BEGIN DATA FOR PROCESSING

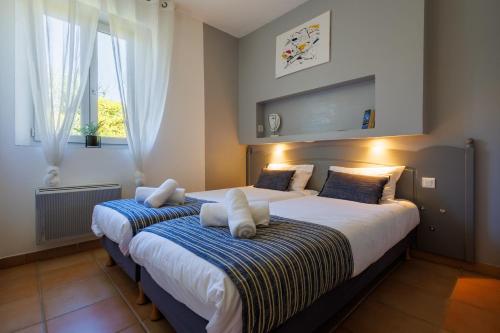 戈尔德Lou Karo - Piscine partagée - Parking privé的卧室设有两张床,带两个窗户
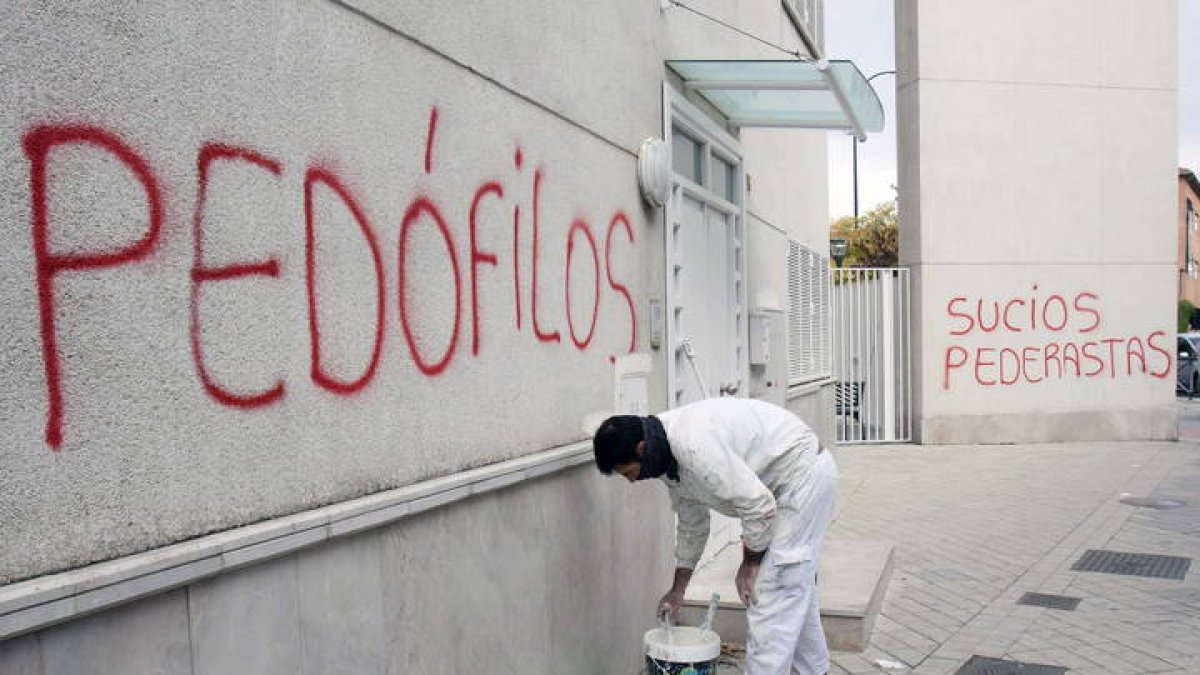 Un pintor repasa con pintura blanca una pintadas con acusaciones de pedofilia y pederastia en una parroquia de Granada. PEPE TORRES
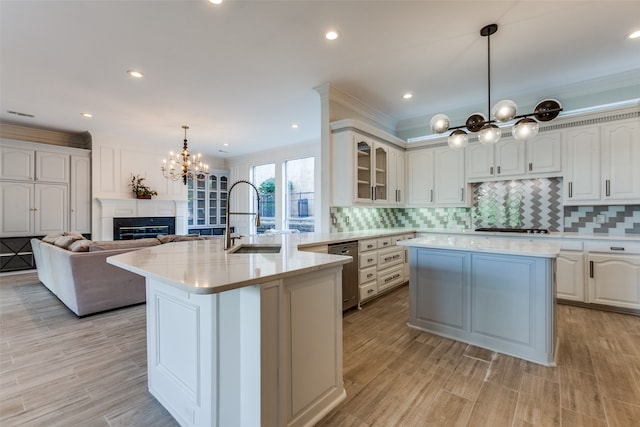 kitchen with ornamental molding, sink, an island with sink, and decorative light fixtures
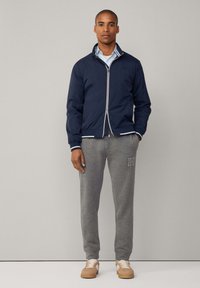 Marineblå bomberjakke med hvide detaljer, parret med grå sweatpants med et logo. Modellen bærer beige sneakers og en lyseblå skjorte under.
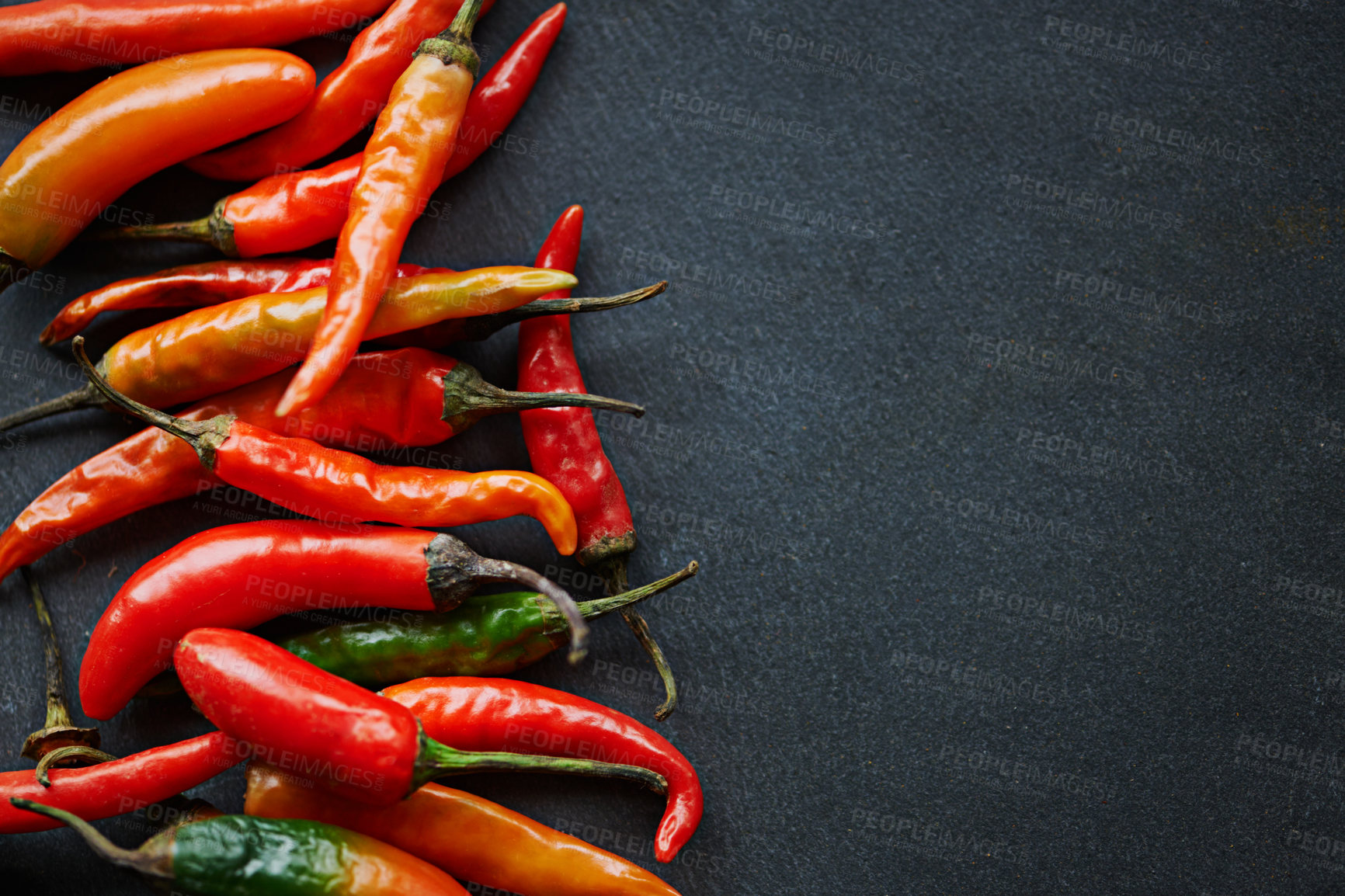 Buy stock photo High angle shot of fresh red chillies on a kitchen counter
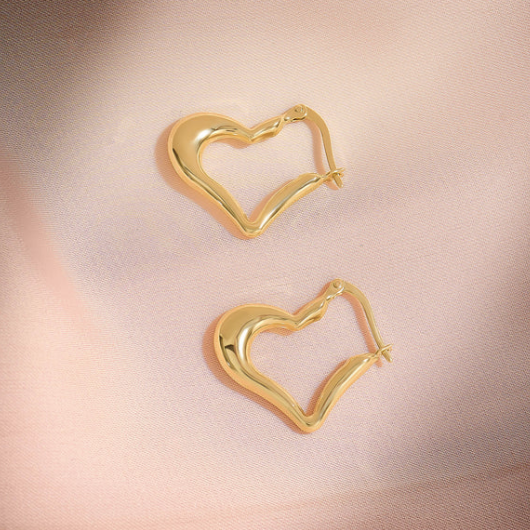 Gold heart-shaped hoop earrings on a pink satin background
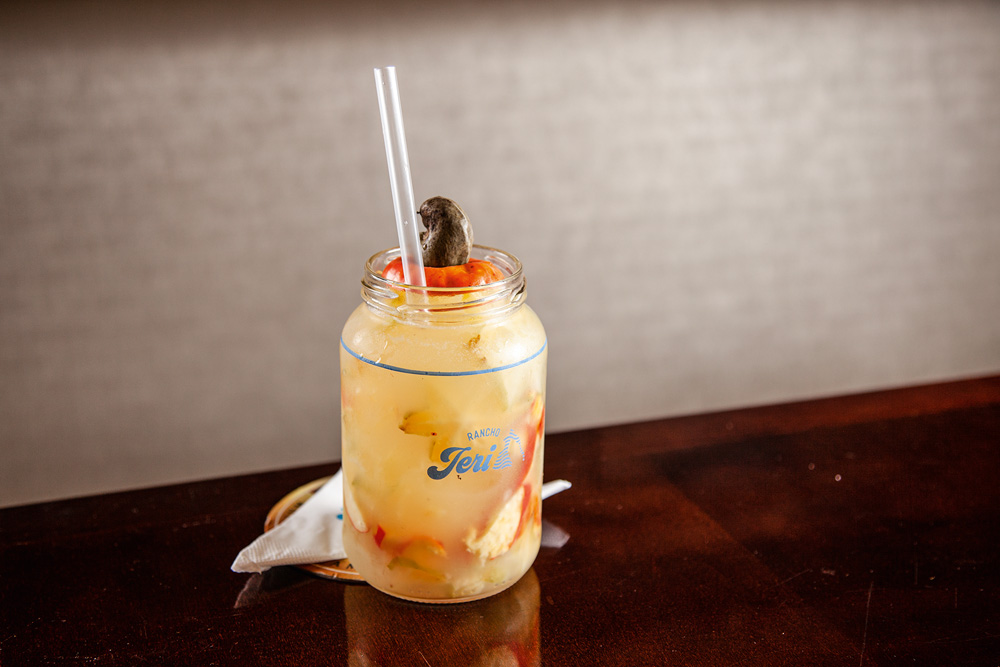 Rancho Jeri Caipirinha de cor levemente amarelada servida em pote de vidro decorado por parte de um caju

END DATA FOR PROCESSING

WORK REQUEST
Take the line containing "Gold heart-shaped hoop" and every line after it to the end of the records, and restate them verbatim, with no pictures.

ANSWER AREA
 Gold heart-shaped hoop earrings on a pink satin background
 Rancho Jeri Caipirinha de cor levemente amarelada servida em pote de vidro decorado por parte de um caju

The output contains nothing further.